3 racks lamb ribs or pork baby back ribs (approximately 6 pounds)
1½ cups dry rub*
2–3 cups peach barbecue sauce*

DIRECTIONS

Coat ribs with dry rub and let stand for 1 hour. Preheat oven to 325°. Place ribs in baking dish and bake for 2 hours, turning occasionally.

Heat grill to medium or prepare coals. Place ribs on grill, mopping with barbecue sauce until sauce has caramelized and ribs are tender and sizzling, being careful not to burn. Remove and serve with extra sauce. Serves 6.

Note: For smokier flavor, omit the oven step and prepare fire by banking coals to 1 side of the grill. Cook ribs wrapped in foil off the direct heat for two hours, adding coals as needed for a steady, even heat. (Or use top rack on a gas grill.) Finish over heat as directed above.

*Dry Rub
½ cup kosher salt
½ cup brown sugar
1 tablespoon each chili powder, paprika, cayenne pepper, ground cumin, ground ginger, mustard powder
1 tablespoon fresh thyme leaves, chopped fine

*Peach Barbecue Sauce
3 strips bacon
1 Vidalia onion, diced
1 clove garlic, minced (about 1 teaspoon)
2 quarts (8 cups) ketchup
1 cup Worcestershire sauce
1 cup brewed coffee
¼ cup apple cider vinegar
½ cup brown sugar
2 tablespoons kosher salt
2 tablespoons honey
3 dried chipotle chiles, ground in a spice mill or with mortar and pestle
2 cups peach juice or nectar

For the dry rub, combine all ingredients in a medium bowl and mix, taking care to break up brown sugar. Store in container with tight lid.
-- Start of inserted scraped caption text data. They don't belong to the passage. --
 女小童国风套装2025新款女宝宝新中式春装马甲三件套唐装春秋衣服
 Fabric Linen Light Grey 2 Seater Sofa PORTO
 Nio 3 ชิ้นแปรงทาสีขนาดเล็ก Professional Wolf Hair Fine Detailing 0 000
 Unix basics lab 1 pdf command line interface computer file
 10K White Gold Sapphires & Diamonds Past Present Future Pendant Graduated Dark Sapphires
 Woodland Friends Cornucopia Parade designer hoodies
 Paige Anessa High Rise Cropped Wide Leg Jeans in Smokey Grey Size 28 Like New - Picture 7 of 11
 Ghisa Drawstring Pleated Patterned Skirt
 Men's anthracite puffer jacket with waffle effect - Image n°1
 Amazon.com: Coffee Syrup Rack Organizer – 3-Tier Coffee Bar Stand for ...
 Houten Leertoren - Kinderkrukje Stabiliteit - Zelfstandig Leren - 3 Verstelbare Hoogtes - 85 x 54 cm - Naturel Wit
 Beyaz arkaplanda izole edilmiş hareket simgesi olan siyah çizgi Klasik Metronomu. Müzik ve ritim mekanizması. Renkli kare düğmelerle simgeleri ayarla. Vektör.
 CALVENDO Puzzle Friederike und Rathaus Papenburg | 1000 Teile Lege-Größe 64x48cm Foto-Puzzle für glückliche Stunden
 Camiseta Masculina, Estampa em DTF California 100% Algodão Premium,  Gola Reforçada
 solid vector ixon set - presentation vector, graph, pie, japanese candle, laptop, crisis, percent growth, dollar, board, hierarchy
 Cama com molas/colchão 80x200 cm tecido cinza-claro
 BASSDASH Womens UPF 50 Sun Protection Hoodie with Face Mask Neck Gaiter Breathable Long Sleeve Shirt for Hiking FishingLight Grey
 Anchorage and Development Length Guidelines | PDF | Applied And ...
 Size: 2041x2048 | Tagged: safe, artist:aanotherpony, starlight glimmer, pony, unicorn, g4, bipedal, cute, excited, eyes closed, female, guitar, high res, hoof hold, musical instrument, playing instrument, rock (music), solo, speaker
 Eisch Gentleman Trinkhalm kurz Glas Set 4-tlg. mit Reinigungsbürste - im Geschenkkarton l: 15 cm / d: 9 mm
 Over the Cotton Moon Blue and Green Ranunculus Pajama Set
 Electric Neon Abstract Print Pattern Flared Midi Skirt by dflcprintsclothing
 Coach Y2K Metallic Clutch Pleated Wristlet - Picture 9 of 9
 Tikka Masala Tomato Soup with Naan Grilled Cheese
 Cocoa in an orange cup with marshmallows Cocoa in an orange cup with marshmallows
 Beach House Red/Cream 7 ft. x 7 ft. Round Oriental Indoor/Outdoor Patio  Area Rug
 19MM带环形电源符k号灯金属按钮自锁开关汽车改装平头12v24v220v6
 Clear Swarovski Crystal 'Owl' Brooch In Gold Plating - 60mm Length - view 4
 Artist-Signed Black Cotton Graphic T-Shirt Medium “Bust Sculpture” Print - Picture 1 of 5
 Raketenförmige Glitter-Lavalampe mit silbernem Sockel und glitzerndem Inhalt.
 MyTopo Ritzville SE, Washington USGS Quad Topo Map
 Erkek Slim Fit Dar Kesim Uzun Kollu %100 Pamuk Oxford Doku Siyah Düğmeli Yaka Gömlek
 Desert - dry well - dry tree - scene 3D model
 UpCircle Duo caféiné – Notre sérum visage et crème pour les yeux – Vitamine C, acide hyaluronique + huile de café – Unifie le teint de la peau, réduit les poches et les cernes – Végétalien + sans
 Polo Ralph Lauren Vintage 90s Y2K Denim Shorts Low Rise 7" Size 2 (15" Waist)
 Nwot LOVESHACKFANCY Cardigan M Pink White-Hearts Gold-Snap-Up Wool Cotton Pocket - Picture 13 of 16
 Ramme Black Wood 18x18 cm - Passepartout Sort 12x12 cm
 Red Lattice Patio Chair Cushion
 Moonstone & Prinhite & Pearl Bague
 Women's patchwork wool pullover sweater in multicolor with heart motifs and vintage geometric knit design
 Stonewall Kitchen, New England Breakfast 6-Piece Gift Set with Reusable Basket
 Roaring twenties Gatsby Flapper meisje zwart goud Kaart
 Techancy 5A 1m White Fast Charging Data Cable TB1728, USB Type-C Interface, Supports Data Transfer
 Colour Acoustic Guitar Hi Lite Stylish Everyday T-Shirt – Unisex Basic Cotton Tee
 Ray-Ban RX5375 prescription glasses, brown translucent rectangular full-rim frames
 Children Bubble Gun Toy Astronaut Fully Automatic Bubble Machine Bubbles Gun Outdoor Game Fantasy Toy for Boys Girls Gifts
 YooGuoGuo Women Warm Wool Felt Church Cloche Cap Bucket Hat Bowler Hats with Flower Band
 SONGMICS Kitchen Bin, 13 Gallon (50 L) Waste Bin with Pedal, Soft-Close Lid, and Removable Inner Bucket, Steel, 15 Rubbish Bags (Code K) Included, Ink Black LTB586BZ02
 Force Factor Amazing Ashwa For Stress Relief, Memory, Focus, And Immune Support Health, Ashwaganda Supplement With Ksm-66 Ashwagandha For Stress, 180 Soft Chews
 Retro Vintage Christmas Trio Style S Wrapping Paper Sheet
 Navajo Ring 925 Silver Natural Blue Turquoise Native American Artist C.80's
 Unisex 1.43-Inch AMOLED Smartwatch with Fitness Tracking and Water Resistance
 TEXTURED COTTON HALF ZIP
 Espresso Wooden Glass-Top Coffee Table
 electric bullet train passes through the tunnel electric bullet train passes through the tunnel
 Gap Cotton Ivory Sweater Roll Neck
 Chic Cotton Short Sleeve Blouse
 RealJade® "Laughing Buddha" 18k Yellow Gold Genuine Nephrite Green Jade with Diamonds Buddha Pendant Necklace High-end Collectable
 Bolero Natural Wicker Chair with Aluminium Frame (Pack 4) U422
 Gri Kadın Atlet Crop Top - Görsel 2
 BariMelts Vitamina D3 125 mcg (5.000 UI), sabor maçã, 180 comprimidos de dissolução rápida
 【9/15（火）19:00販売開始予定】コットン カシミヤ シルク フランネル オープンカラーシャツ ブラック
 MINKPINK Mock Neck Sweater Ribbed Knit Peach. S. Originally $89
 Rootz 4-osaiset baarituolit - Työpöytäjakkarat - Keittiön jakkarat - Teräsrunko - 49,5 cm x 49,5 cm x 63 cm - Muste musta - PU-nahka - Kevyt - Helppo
For the barbecue sauce, sauté bacon in a 4-quart stockpot until fat is rendered, removing bacon and saving for another use. Add onions and continue to cook until caramelized. Add remaining ingredients. Simmer for 1 hour on low heat, stirring often. Makes 3 quarts. Can be made in advance. Refrigerate for 1 week or freeze up to 6 months.